GERALD HORNE: Well, this is demagogy of the rankest and most opportunistic sort. What he's trying to do is inflame tensions between African-Americans and the population of Latin American origin. What he's trying to do is disrupt working class unity, disrupt black-brown unity, but I dare say that that particular demagogy will not work. It's obviously threadbare what he's trying to do. It's clear that pointing randomly to supposed crimes, committed by undocumented workers does not obscure the fact that black youth in particular have more to fear from police departments.

And in that context, I should mention that also yesterday Attorney General Jefferson Beauregard Sessions III, said that his Justice Department, the Trump Justice Department would pay less attention to investigating the civil rights violations of police departments. This is giving them free reign in the Baltimores of this country, free reign through which they can ignite further a reign of terror against our community.

SHARMINI PERIES: Now, Gerald, the budget is being debated, discussed over the last few days. In fact, we're going to be faced with another proposed budget where President Trump has asked all departments within the US government to demonstrate the cutbacks that they're going to have to exercise in the coming year.

And, of course, this is very interesting given that yesterday in his speech he talked about increasing the military budget multifold and that isn't getting cutbacks. And in terms of U.S. Imperialism and its projection of its power across the world, you know, we are at the cusp of another outbreak in terms of asserting U.S. Imperialism across the world under Trump. What will this mean for us?

GERALD HORNE: Well, it's bad news. As you probably know, it has already been suggested that President Trump plans to eliminate altogether entire departments, such as the National Endowment for Humanities, such as the National Endowment for the Arts, such as the Corporation for Public Broadcasting -- they are slated to be zeroed-out altogether. Simultaneously, this $54 billion increase in the Pentagon budget will further mean that the United States spends more on the military than the seven next largest nations' spending on their militaries combined.

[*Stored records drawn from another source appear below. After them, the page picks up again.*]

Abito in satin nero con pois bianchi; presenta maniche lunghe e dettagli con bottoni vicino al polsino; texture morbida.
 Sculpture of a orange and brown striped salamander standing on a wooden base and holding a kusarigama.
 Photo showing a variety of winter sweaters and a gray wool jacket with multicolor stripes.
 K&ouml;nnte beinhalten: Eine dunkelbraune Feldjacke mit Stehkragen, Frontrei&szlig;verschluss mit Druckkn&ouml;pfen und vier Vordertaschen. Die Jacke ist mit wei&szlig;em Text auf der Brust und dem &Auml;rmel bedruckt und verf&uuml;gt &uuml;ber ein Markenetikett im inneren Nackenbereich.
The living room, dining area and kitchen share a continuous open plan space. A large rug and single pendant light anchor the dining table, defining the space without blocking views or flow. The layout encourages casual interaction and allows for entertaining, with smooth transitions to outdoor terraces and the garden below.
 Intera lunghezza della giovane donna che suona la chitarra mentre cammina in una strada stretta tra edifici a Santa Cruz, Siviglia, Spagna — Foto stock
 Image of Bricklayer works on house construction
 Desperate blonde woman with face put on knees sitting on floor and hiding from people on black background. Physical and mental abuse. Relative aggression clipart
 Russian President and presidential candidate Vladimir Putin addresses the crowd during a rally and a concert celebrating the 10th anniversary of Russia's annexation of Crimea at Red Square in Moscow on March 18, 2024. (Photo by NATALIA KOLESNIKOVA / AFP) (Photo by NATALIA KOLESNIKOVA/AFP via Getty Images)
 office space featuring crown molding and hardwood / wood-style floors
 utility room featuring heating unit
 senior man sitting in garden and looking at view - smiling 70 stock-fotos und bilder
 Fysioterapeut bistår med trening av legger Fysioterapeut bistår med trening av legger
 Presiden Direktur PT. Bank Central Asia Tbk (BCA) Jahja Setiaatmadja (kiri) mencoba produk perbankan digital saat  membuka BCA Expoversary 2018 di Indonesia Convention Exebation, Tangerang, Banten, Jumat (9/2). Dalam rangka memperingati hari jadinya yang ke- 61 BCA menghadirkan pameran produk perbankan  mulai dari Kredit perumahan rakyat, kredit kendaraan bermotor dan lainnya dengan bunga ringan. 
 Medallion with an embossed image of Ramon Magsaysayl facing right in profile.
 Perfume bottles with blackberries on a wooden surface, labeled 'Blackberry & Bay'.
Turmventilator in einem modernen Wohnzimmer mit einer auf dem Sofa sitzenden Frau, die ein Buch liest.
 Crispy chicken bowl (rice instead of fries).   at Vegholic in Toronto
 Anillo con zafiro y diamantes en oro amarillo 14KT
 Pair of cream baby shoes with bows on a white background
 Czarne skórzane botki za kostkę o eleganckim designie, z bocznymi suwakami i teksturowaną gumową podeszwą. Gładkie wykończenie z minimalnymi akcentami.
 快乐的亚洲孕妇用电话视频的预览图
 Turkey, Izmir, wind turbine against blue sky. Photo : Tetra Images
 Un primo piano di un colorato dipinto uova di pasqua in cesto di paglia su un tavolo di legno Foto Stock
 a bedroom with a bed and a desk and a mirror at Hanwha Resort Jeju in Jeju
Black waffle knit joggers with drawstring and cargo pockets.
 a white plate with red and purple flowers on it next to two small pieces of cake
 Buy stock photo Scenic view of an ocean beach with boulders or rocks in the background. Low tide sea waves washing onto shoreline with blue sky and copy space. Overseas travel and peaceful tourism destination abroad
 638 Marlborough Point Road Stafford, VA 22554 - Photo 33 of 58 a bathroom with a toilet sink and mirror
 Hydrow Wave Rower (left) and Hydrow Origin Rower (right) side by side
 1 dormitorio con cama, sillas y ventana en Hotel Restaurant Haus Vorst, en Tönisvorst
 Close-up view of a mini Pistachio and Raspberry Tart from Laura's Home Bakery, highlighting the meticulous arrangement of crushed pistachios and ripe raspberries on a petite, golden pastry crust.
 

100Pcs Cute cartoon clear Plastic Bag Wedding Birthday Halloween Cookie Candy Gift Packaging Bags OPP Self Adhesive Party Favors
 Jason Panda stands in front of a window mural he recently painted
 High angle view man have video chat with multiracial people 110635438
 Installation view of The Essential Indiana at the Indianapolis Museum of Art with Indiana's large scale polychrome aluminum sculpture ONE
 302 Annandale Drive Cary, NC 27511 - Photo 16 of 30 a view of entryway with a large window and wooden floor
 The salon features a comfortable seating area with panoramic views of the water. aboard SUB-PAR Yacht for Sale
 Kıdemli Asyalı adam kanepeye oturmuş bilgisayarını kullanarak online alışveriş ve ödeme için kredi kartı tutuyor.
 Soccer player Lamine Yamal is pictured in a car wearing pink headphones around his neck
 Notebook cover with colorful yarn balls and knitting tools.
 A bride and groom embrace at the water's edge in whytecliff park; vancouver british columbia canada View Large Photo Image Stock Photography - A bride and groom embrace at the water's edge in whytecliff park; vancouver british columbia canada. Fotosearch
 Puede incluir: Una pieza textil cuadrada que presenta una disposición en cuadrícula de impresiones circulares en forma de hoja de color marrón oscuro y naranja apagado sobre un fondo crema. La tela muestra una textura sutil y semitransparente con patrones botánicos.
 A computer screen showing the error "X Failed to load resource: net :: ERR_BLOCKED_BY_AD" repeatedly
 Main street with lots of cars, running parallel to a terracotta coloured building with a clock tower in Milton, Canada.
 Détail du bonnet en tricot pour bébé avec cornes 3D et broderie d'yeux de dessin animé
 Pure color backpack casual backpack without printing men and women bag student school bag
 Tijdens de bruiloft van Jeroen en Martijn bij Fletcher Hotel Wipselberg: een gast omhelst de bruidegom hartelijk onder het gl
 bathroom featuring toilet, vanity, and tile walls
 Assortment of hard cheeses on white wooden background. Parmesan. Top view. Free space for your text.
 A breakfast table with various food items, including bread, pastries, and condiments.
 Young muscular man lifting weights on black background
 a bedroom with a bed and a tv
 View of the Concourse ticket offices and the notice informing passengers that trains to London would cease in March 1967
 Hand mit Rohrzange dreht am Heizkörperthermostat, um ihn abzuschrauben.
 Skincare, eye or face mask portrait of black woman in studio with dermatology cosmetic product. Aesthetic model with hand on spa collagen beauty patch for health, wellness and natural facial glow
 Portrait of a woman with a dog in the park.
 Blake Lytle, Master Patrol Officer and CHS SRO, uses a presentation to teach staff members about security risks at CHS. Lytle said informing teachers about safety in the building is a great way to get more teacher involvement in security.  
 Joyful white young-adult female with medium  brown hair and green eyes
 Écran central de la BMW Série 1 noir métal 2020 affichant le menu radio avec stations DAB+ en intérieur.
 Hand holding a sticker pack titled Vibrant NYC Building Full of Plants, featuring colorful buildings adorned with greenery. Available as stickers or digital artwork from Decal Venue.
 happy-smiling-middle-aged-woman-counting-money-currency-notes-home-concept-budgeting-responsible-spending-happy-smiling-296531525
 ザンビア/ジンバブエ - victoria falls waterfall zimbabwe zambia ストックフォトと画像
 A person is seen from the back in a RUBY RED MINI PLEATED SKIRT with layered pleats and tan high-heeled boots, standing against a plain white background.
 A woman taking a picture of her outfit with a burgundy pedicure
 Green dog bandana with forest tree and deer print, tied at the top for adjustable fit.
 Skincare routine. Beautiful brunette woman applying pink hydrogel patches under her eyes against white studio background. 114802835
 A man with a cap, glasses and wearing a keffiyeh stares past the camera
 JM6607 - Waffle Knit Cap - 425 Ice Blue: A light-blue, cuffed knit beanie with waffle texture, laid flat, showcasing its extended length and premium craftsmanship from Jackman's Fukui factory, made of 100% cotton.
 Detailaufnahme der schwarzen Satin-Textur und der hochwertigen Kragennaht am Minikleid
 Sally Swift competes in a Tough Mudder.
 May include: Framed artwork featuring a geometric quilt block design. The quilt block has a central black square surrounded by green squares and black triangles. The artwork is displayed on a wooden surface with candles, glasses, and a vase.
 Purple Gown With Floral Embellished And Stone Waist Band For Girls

This is not good news for international peace and security. I think that this also suggests we should keep a very close eye on Iran because during his Presidential campaign, Mr. Trump made it clear that he has Iran in the crosshairs. I think that was also the implication of the early visit to the White House by Prime Minister Benjamin Netanyahu of Israel. But I dare say that if Mr. Trump and Mr. Netanyahu go in that direction they'll probably wind up with their fingers severely burned.

SHARMINI PERIES: Yeah, indeed. This is something we are certainly keeping a very close eye on at The Real News Network. And, I thank you so much today for joining us, Gerald. We always value your opinion here, thank you.

GERALD HORNE: Thank you for inviting me.

SHARMINI PERIES: And thank you for joining us here on The Real News Network.